BEGIN
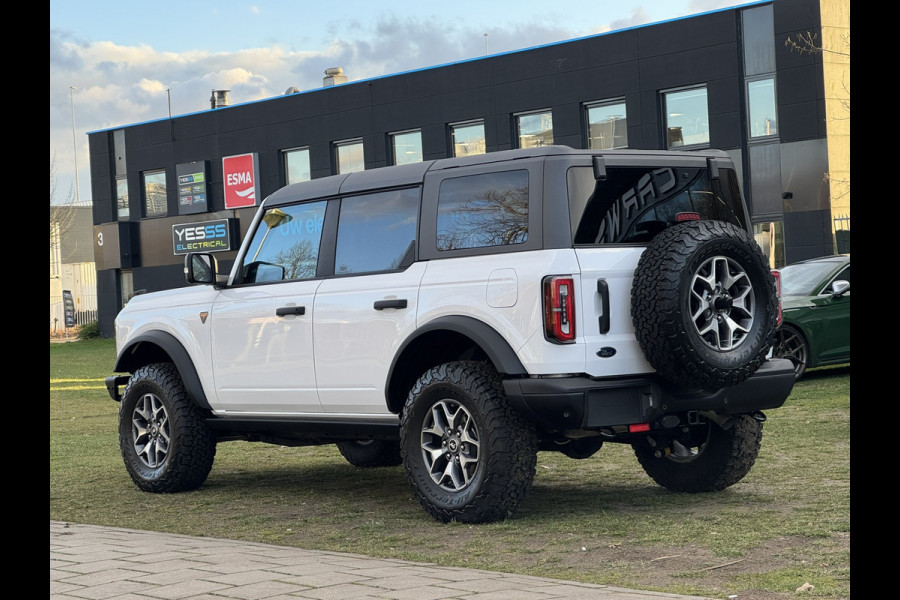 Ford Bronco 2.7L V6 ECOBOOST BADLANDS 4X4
END
BEGIN
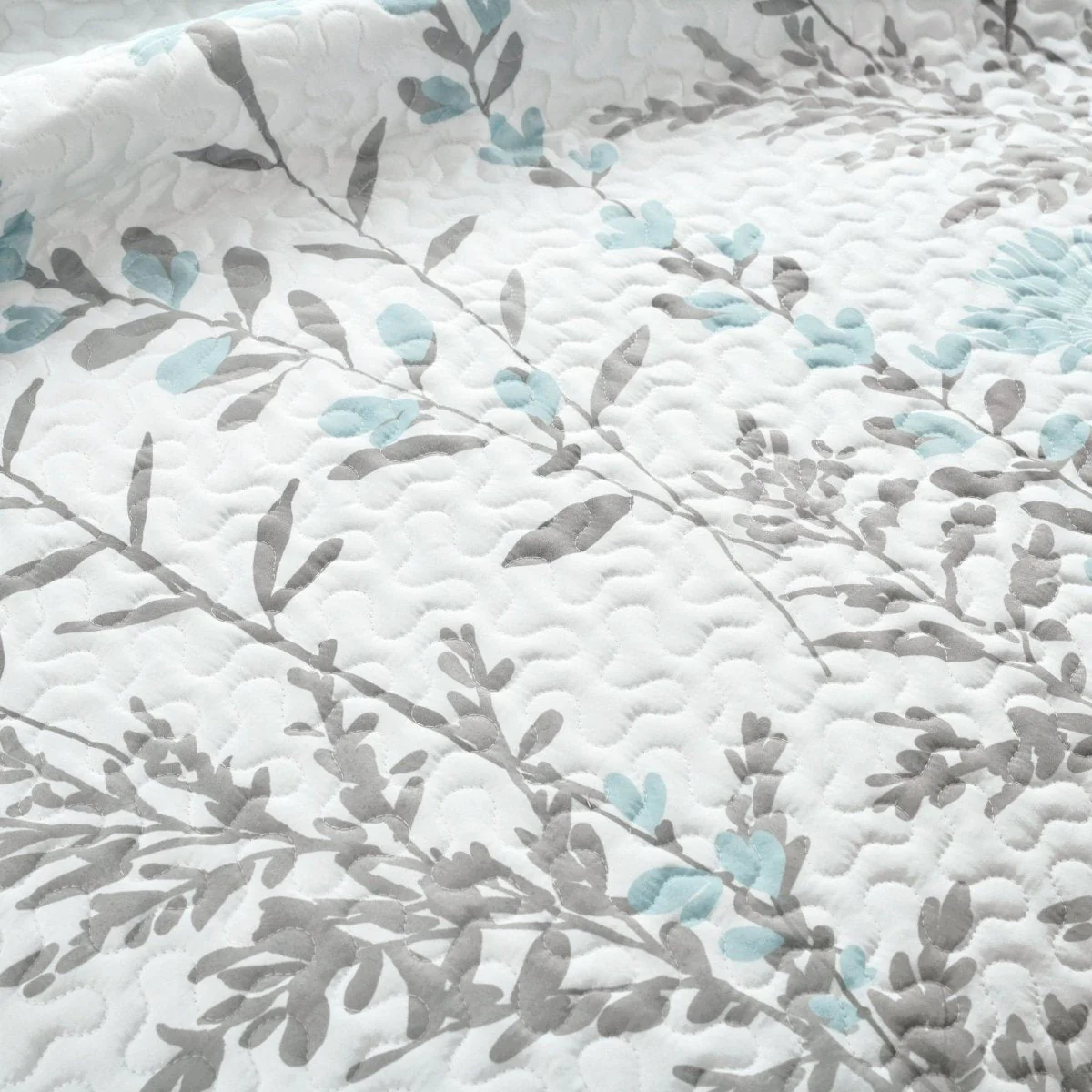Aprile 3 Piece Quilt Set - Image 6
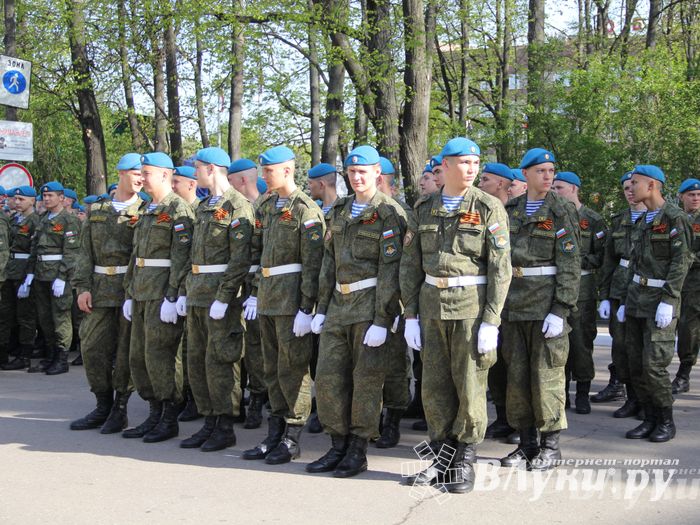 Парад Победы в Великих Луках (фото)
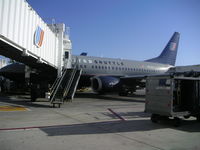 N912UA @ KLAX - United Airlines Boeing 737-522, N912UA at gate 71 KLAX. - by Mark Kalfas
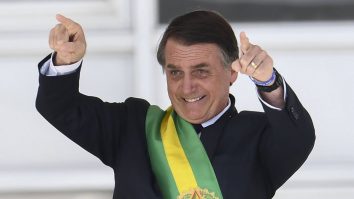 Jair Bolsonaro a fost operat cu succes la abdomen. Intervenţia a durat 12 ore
END
Above are records with pictures. Reproduce exactly only the lines from the line with "Aprile 3 Piece Quilt Set - Image 6" through the line with "Jair Bolsonaro a", both ends included, and leave the pictures out.

Aprile 3 Piece Quilt Set - Image 6
 Парад Победы в Великих Луках (фото)
 N912UA @ KLAX - United Airlines Boeing 737-522, N912UA at gate 71 KLAX. - by Mark Kalfas
 Jair Bolsonaro a fost operat cu succes la abdomen. Intervenţia a durat 12 ore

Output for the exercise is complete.